Work to complete =
In full and word for word, copy the listing; no pictures belong in the copy.

Data block =

★ ★ ★ ★ ★ ★ ★

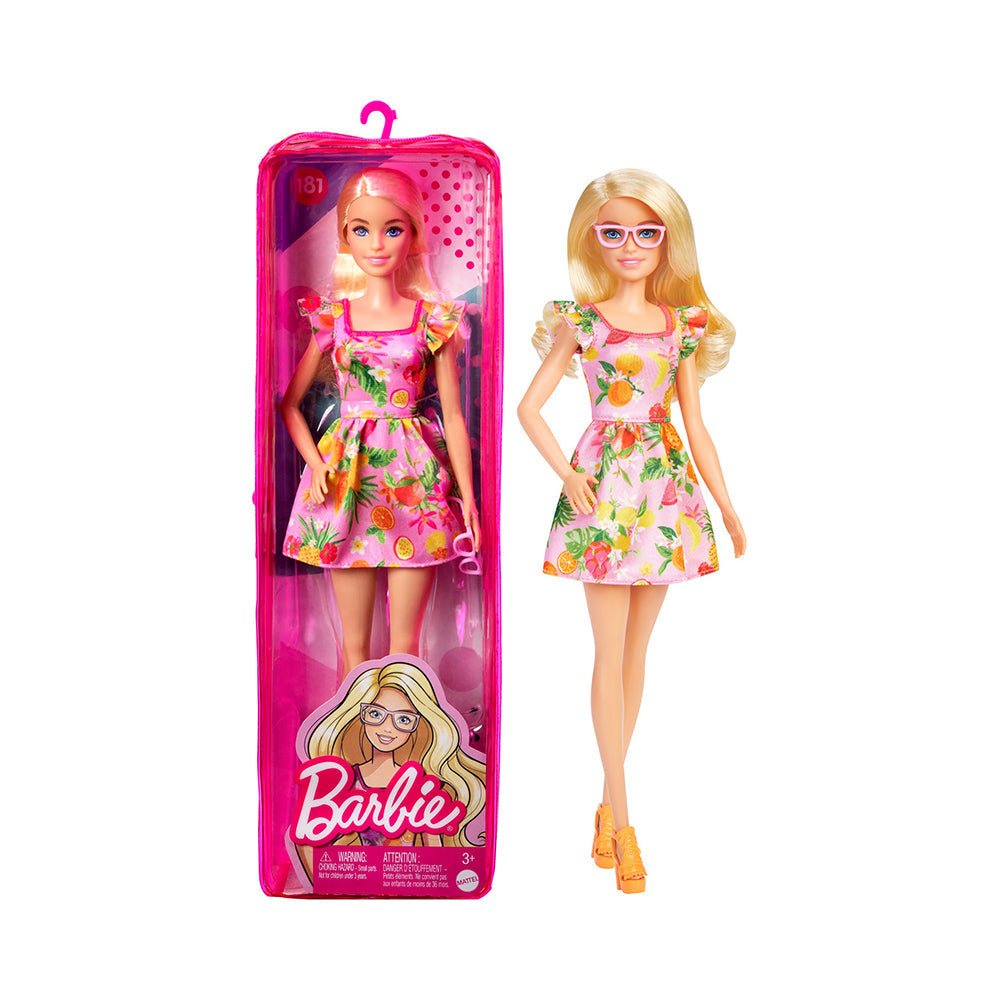 Barbie Fashionistas Doll #181 with Blonde Hair & Fruit Print Dress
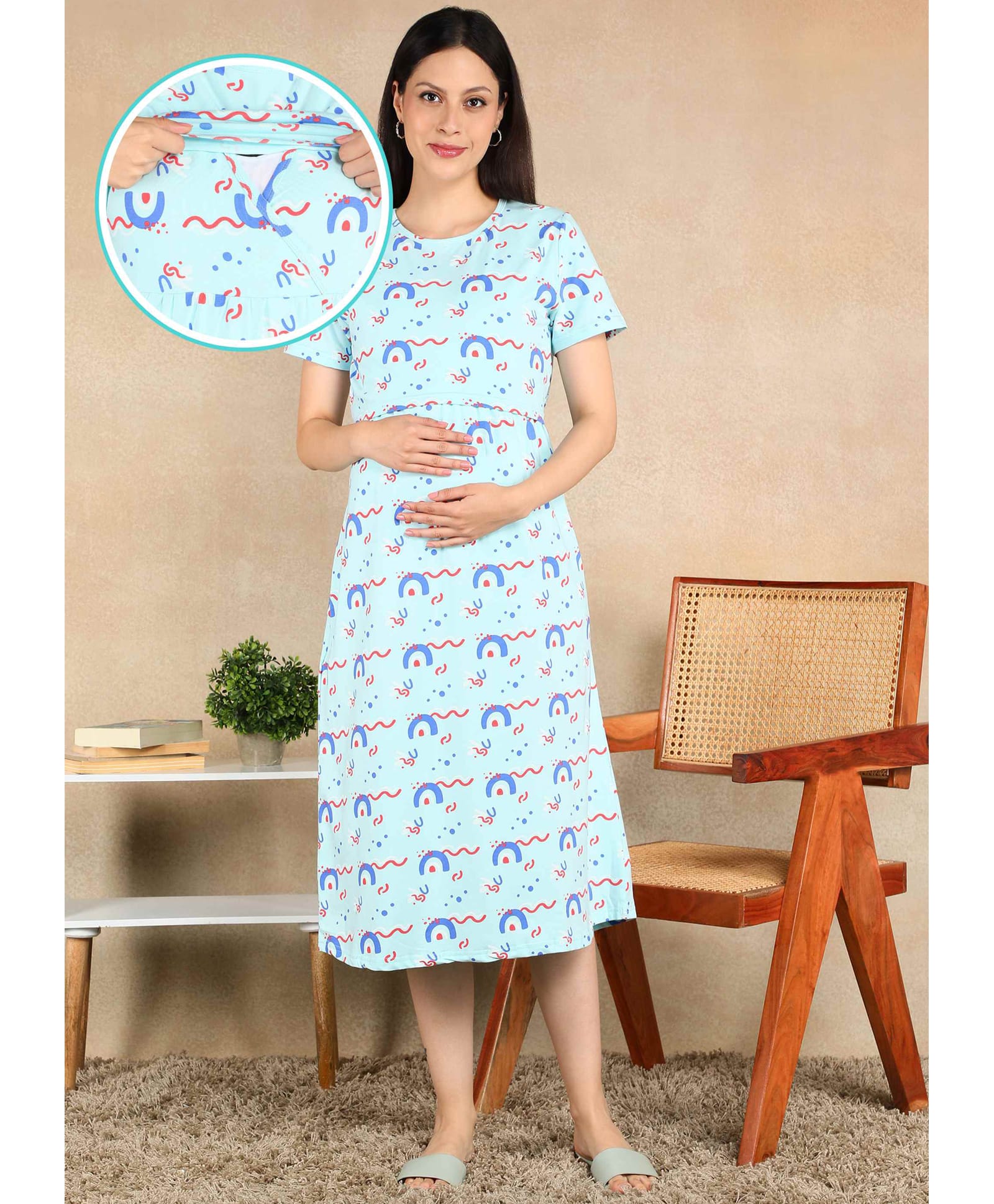 Moms Ever Knitted Knit Half Sleeves Rainbow Printed Maternity Nighty With Overlap Nursing Access - Light Blue-image-44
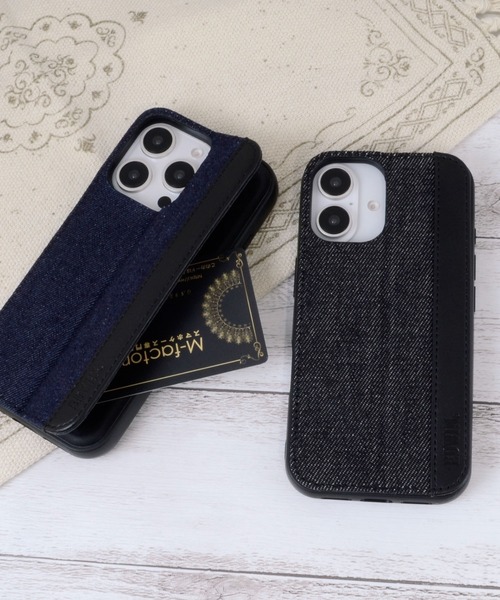 EDWIN（エドウィン）の「iPhone16 iPhone16Pro iPhone15 iPhone14 iPhone13 エドウィン [レザー調スタンドケース]（スマホケース/カバー・メンズ・ブラック/インディゴブルー・iPhone 15/iPhone 16/iPhone 16 Pro）」の3枚目の写真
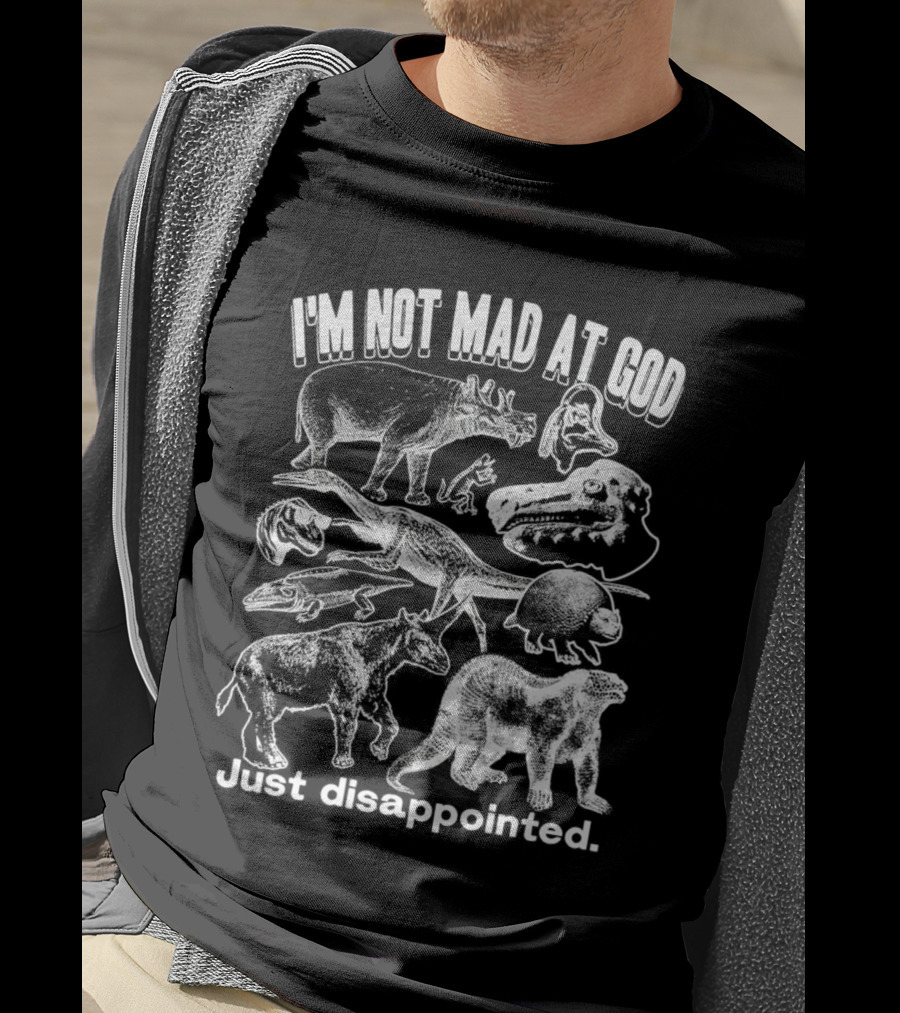 I’m Not Mad At God Just Disappointed Dinosaur And Animal Sketches T-Shirt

★ ★ ★ ★ ★ ★ ★

Solution to this exercise =
 Barbie Fashionistas Doll #181 with Blonde Hair & Fruit Print Dress
 Moms Ever Knitted Knit Half Sleeves Rainbow Printed Maternity Nighty With Overlap Nursing Access - Light Blue-image-44
 EDWIN（エドウィン）の「iPhone16 iPhone16Pro iPhone15 iPhone14 iPhone13 エドウィン [レザー調スタンドケース]（スマホケース/カバー・メンズ・ブラック/インディゴブルー・iPhone 15/iPhone 16/iPhone 16 Pro）」の3枚目の写真
 I’m Not Mad At God Just Disappointed Dinosaur And Animal Sketches T-Shirt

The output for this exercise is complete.